While you can never answer that question for sure, looking for human beings that are results oriented is a reasonable first step. Machine Learning as an example is typically a project based type of work. Ask about their projects, how it went, and what was the result. If you talk to enough people about the results of their work, someone will stand out (maybe many people)... then you can move along to what normal hiring managers do anyway: hire who they like the most or pick out of a hat.
The other thing you can do is get expertise in the area.

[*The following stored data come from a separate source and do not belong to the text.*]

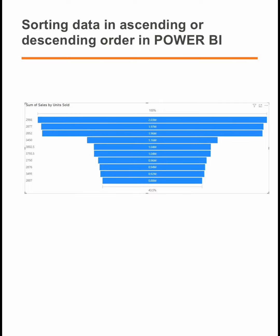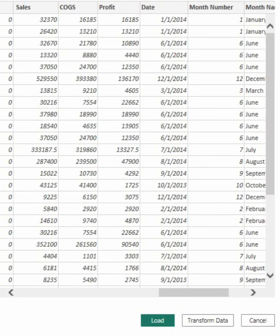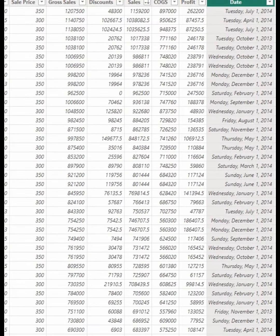Ascending order refers to the sorting of data from the smallest to the largest value. Here is a sample of the data set I'm going to be using for illustration.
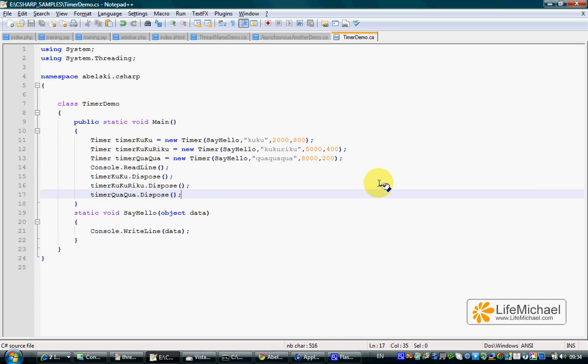When there is a need to execute a specific method repeatedly at regular intervals, the best way to accomplish this is to use the timer class.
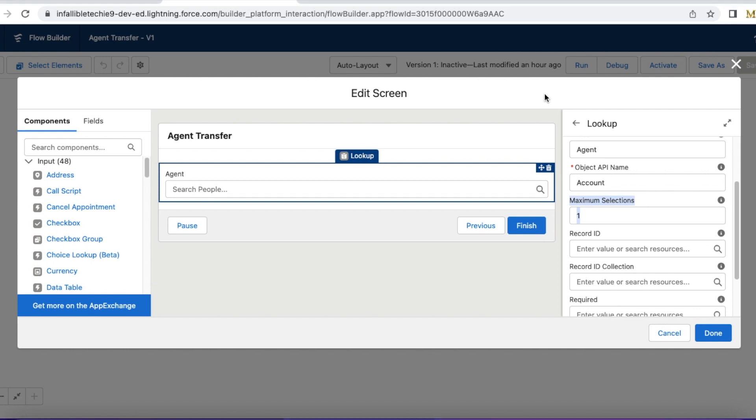Hello everyone, in this video we are going to see how to achieve user lookup in Salesforce flow.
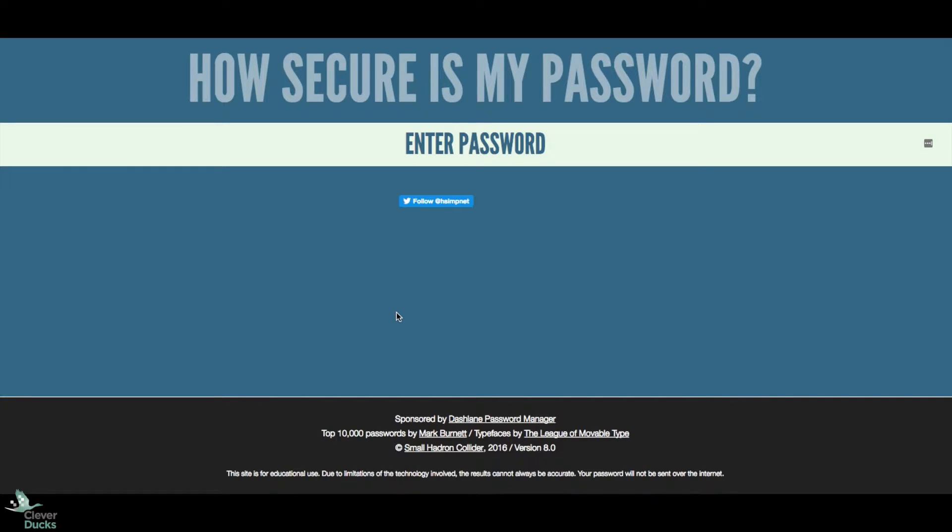Welcome to another Clever Ducks Tech Tip. Online and cybersecurity is on the top of mind for everybody.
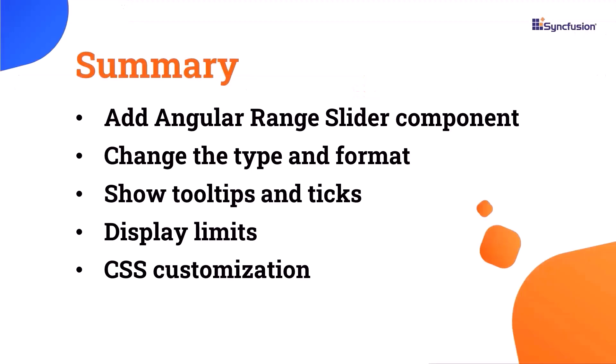That's all for the video. In this tutorial, I've demonstrated how to add the Syncfusion Angular Range Slider component to an Angular application, covering basic features such as type, ticks, tooltips, format, limits, and customization using CSS classes. If you want to interact with the example shown in this video, you can download it from the GitHub link provided in the video description. I have also provided a link where you can see if you qualify for a free license to use our Angular products through our community license.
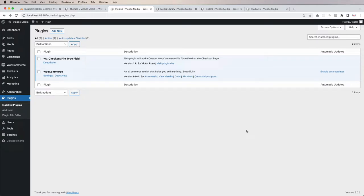Hey, what's going on guys? My name is Victor and in today's video I'm going to build a plugin that's going to add a custom field to the WooCommerce checkout page for users to attach images.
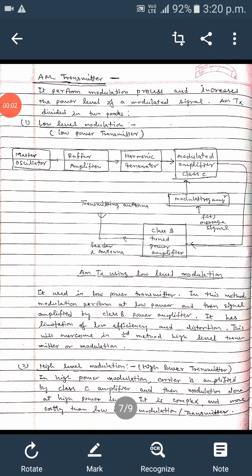Today I am covering AM transmitters. Basically, a transmitter performs the modulation process and increases the power level of the modulated signal. AM transmitters are divided into two categories: low power transmitters and high power transmitters, also called low level modulation and high level modulation.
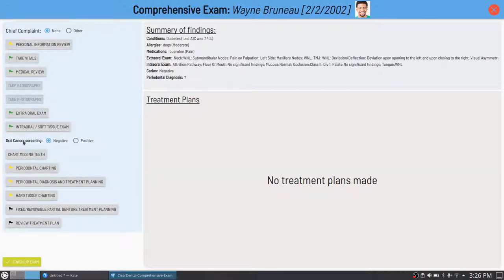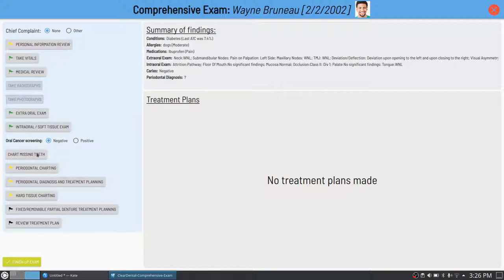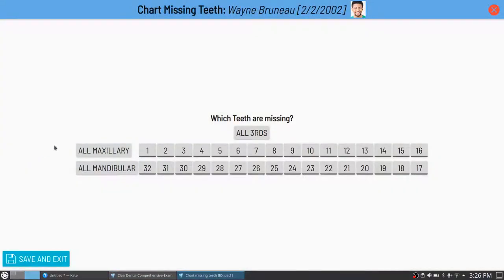Oral cancer screening is its own line because it's technically a combination of the intraoral and extraoral exams, so rather than put it in either module, it stands alone — you can record positive or negative. Chart missing teeth doesn't have a flag because not every patient needs this module; it's for situations where multiple teeth are missing and will make periodontal charting easier. For this young patient, I'll just say all thirds are missing — teeth 1, 16, 17, and 32 are now recorded as missing.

"Results" is a funny thing to define though. For example say I know nothing about coding, and I hire someone to make a website. Based on their "results" they make good looking fast websites without bugs. I hire them. I get my site. I need a change and suddenly they are not available or got expensive. I ask someone else to do it and the say "maaan, wtf they have used Perl and a weird JS library for the front end, and purescript and I don't know how to maintain that. I'll need to rewrite it".
With machine learning, to evaluate the results, I think you'd need to know a bit about machine learning and what P(good work by this person | company made money from the model) is vs. P(null | company made money from the model)
This seems absurd at first, but it's a good idea in general. If my work involves hiring someone who does X, I should definitely have enough knowledge of X to make decisions on that. It doesn't have to be enough knowledge to implement X myself... but enough to make informed choices.
Try to flip the roles. Treat the applicant like a consultant/mentor. Tell them about actual problems that you need solved. See how they solve them or improve on your solution. Compare between different applicants.
You'll want to look for clarity in their solution. Someone who overcomplicates their solution is probably bullshitting you. Someone who slows down and explains everything clearly probably understands what they're talking about. Like someone who says, "I would implement ABC here" and doesn't explain the advantages and disadvantages of ABC likely has weak knowledge.
With some of the smarter people I've worked with, they make no assumptions, and establish terms. "Are you familiar with ABC? No? Well, you know A? A is flawed for this solution because ___, and so we use ABC instead of A, even though ABC has this disadvantage over A."